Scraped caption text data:
————

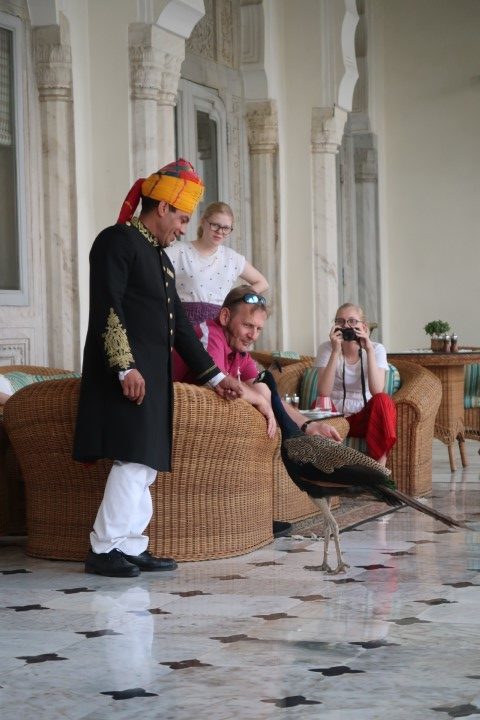 Peacock feeding time at Jaipur's Taj Rambagh Palace Hotel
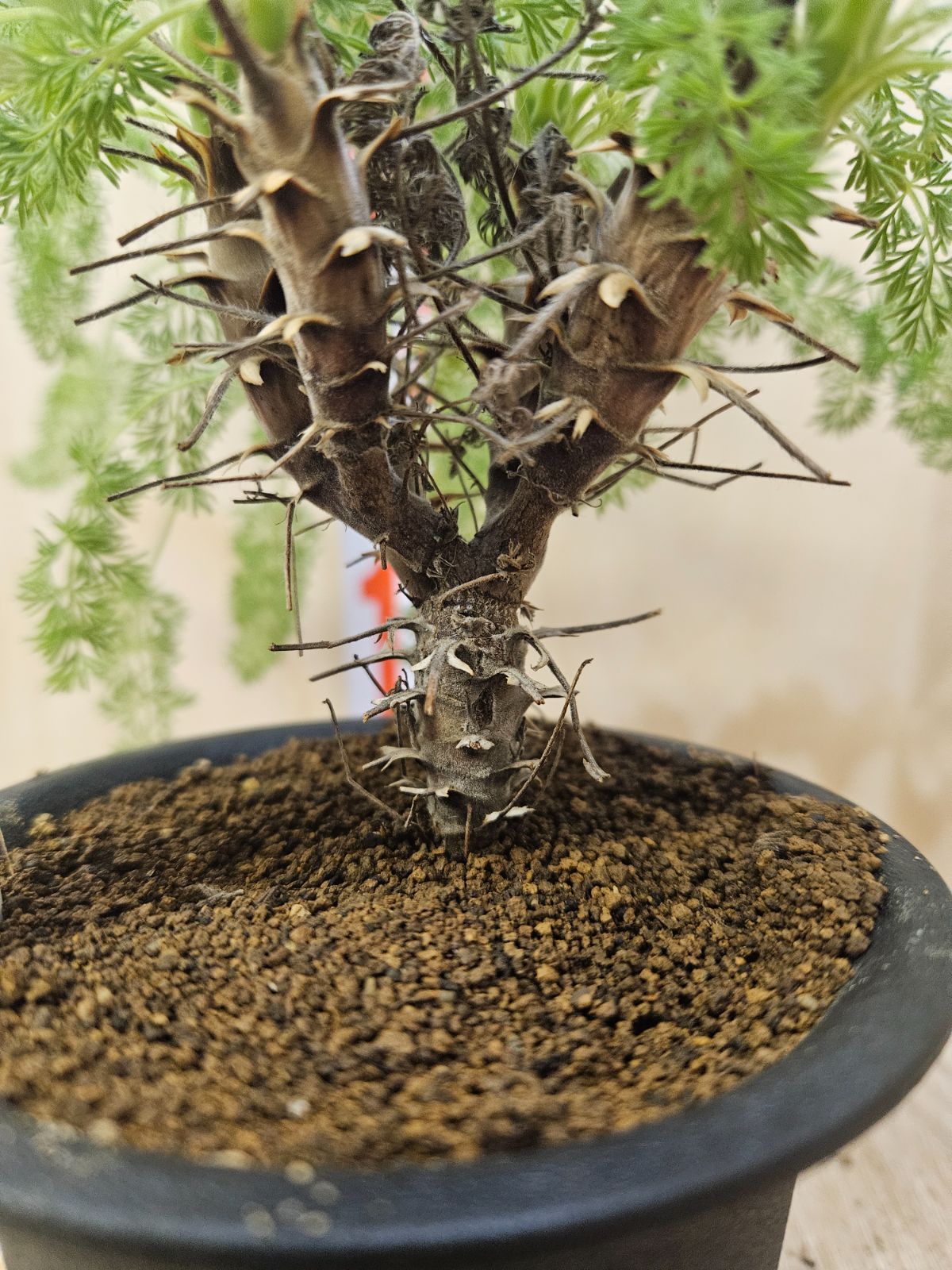 ペラルゴニウム　ヒルツム　No.001　鉢、送料込　メルカリ便 ペラルゴニウム ヒルツム - メルカリ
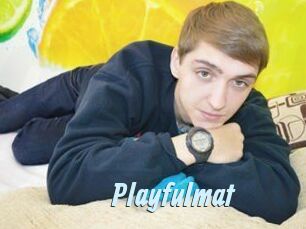 Playfulmat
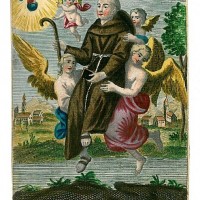PETRUS Regalado. Bild 1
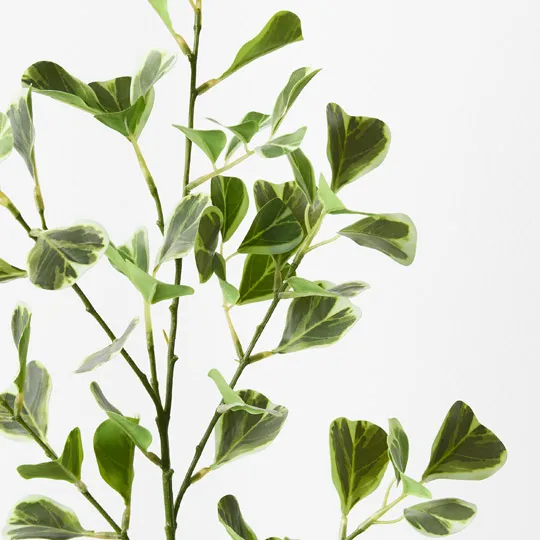 Ficus Triangle Spray Variegated 78cml - Image 2
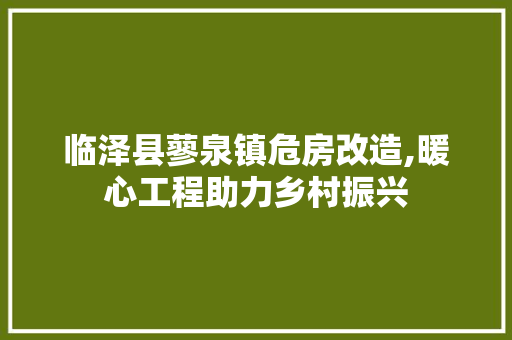 临泽县蓼泉镇危房改造,暖心工程助力乡村振兴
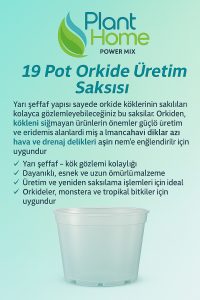 19 Pot Orkide Üretim Saksısı - Köklü Tropikal Bitkiler İçin Özel Üretim Saksısı - Görsel 2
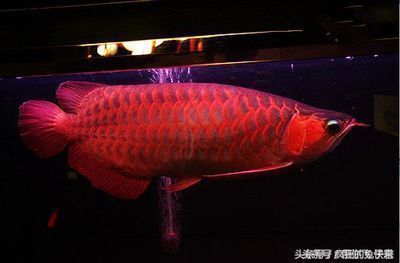 龍魚寓意和象征：龍魚在不同文化中的象征差異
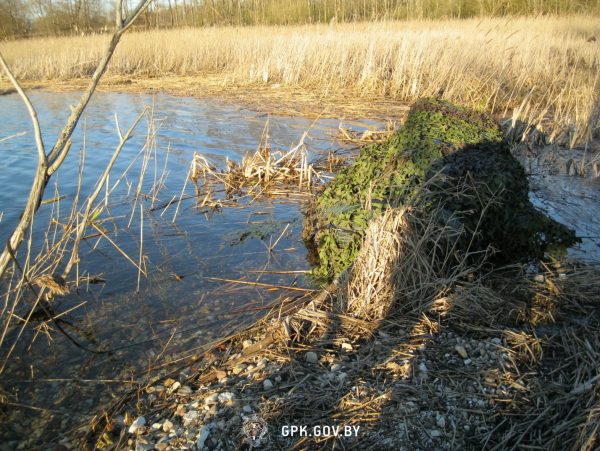 Жителя Вильнюса, нелегально проникшего в Беларусь, задержали в Браславском районе. Фото ГПК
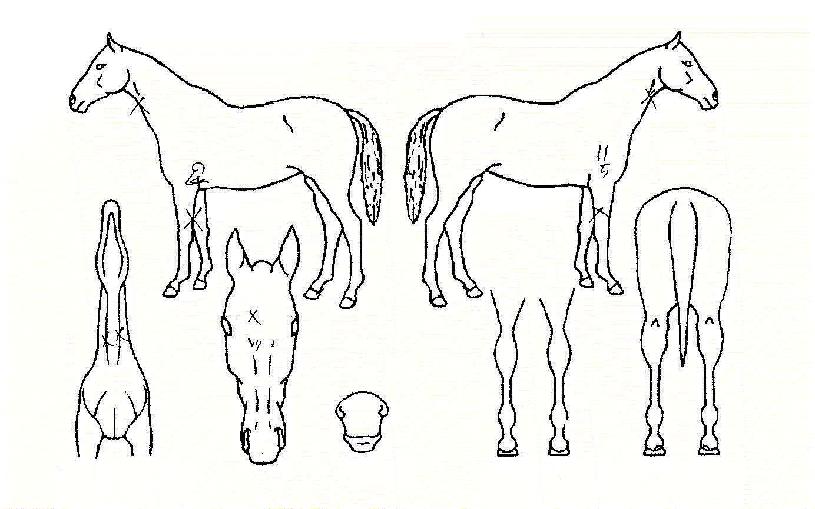 ���̿ö���Ʈ�� ����,���,�޸�,�λ�,�ٸ��� Ư¡����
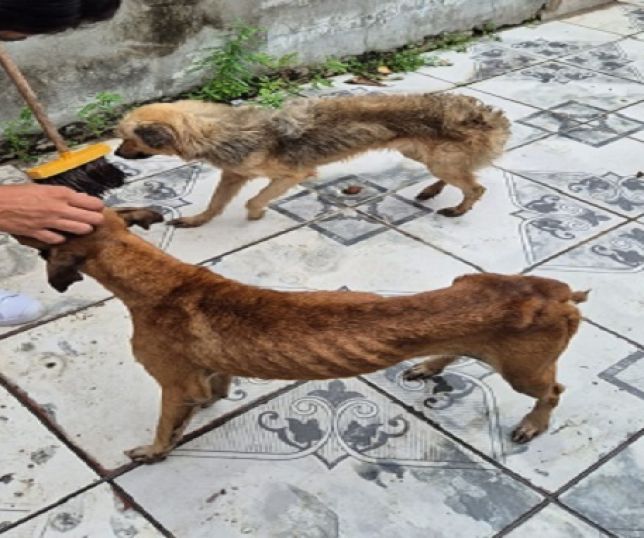 Not Cias Dema Recebe Den Ncia E Prende Homem Por Maus Tratos A Dois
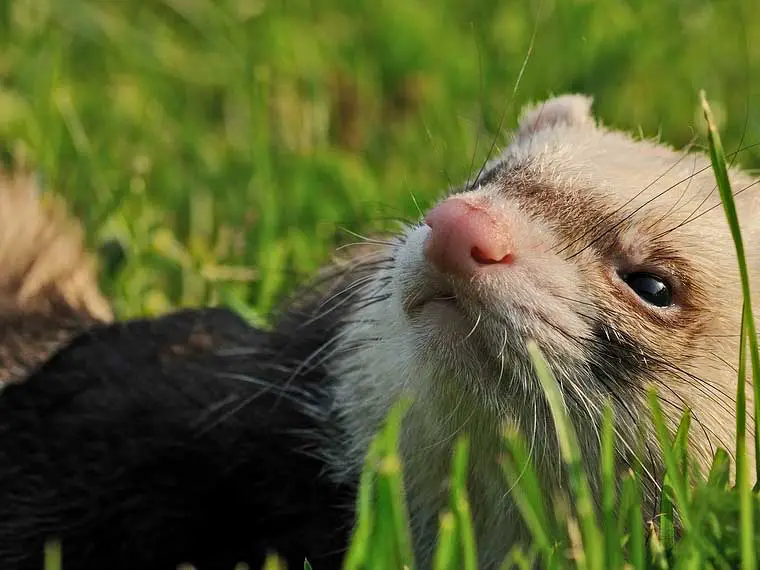 can ferrets live outside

————

The problem:
Starting at the line that contains "Ficus Triangle Spray" and ending at the final line of the data, reproduce each line exactly. Pictures stay out of the copy.

Your response:
 Ficus Triangle Spray Variegated 78cml - Image 2
 临泽县蓼泉镇危房改造,暖心工程助力乡村振兴
 19 Pot Orkide Üretim Saksısı - Köklü Tropikal Bitkiler İçin Özel Üretim Saksısı - Görsel 2
 龍魚寓意和象征：龍魚在不同文化中的象征差異
 Жителя Вильнюса, нелегально проникшего в Беларусь, задержали в Браславском районе. Фото ГПК
 ���̿ö���Ʈ�� ����,���,�޸�,�λ�,�ٸ��� Ư¡����
 Not Cias Dema Recebe Den Ncia E Prende Homem Por Maus Tratos A Dois
 can ferrets live outside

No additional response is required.